I will also say that I think people should come out, both for themselves and other LGBT people as a whole. The more people are out, the more the larger world will see we’re everywhere. The more people come out the harder it will be for strangers to hate us indiscriminately. Visibility helps things get better. And when you’re out, things are better. Maybe not right away, but ultimately, so much better. Being in the closet can be a terrible burden. So accepting yourself, that’s the first step. It’s better to embrace and love who you are for all the world to see, always.
Yet while some might argue that outing creates that perfect world of visibility and openness we strive for, I argue that it more likely drives those unprepared people deeper into the closet. It’s easy to be smug about outings if you’re out. Perhaps the memory of the panic of discovery, the fear of repercussions, the despair of rejection has faded. But it’s still a terrifying prospect for the not out. And down-right dangerous for far too many. So it’s unfair to force your time frame on someone else’s life.
So, intentionally or not, Finn outing Santana in a crowded high school hallway was wrong. Yes, Santana bullied him. Yes, that was bad. Yes, she should probably be reprimanded for such actions. But, no, she doesn’t then deserve to be outed. Having someone take one of the most personal decisions you’ll make in your life away from you is not OK.
Simply being a bitch isn’t a rationale for forcing someone out. Even if Santana has in the past been somewhat indelicate about the subject of other’s sexuality, it doesn’t justify these actions. And even if Finn didn’t intend for the entire world to learn about Santana’s secret, it was never his secret to share.

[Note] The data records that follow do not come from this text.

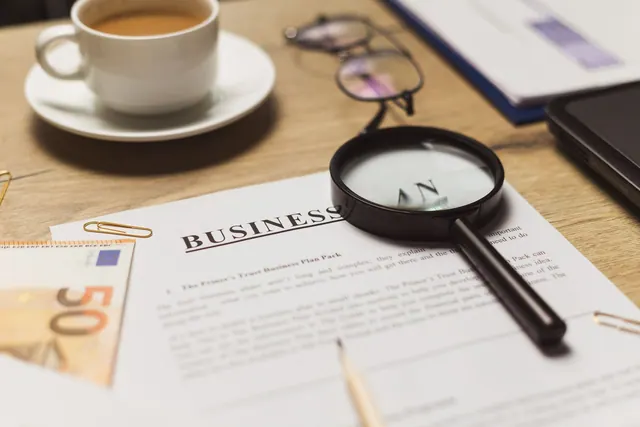 A business workspace setup featuring documents, coffee, and financial elements. Entity type selection guide: examples and useful context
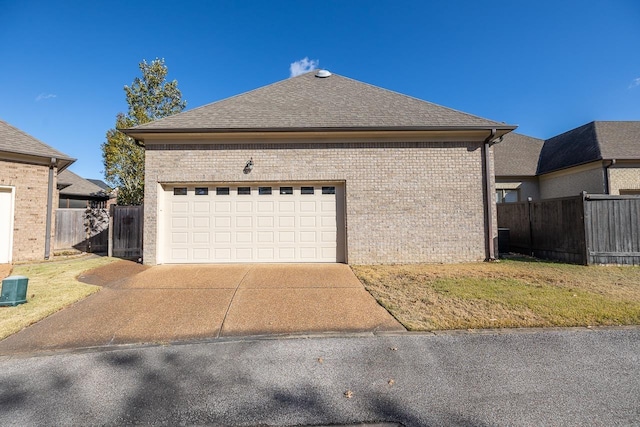 9207 Liggon Green Ln, Germantown, TN 38139 - view of property exterior featuring brick siding, concrete driveway, a shingled roof, and a garage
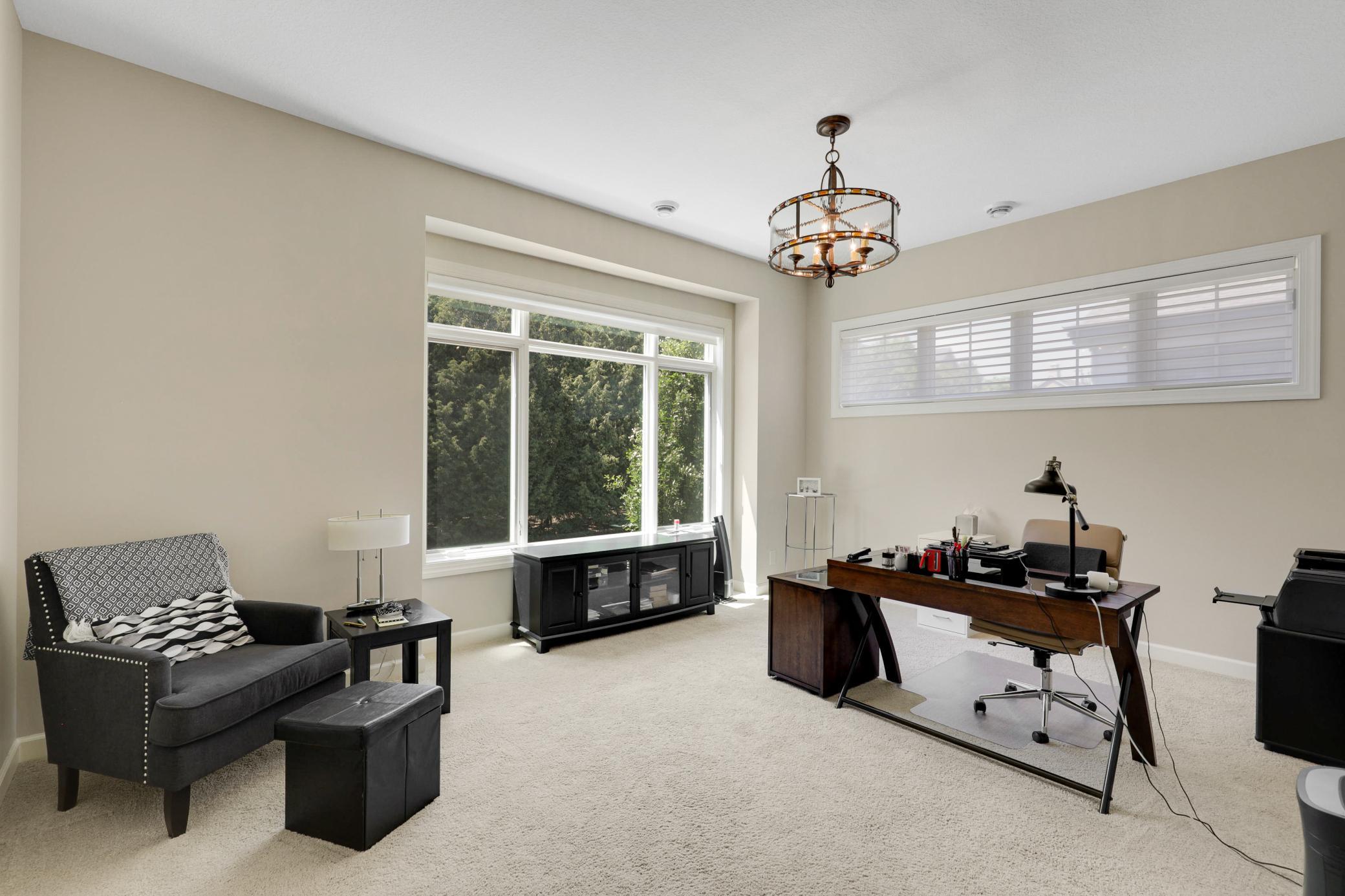 Upscale end unit with main-floor living, a private elevator, walkable to shopping and restaurants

The question now is where Glee will take this storyline. For all that it sometimes does wrong, the show has overall done a good job of handling the thorny subject of sexuality. Kurt and Santana’s stories have been nuanced and meaningful. Can we nitpick? Sure. Do we demand a Brittana kiss? Hell yeah. But now what kind of fallout will result in Santana’s outing. What kind of message will it send to the show’s viewers, many of whom are struggling with their own sexuality?
I hope, for all parties involved both watching and on screen, that it’s a good, real one. And I hope, as always, that it gets better.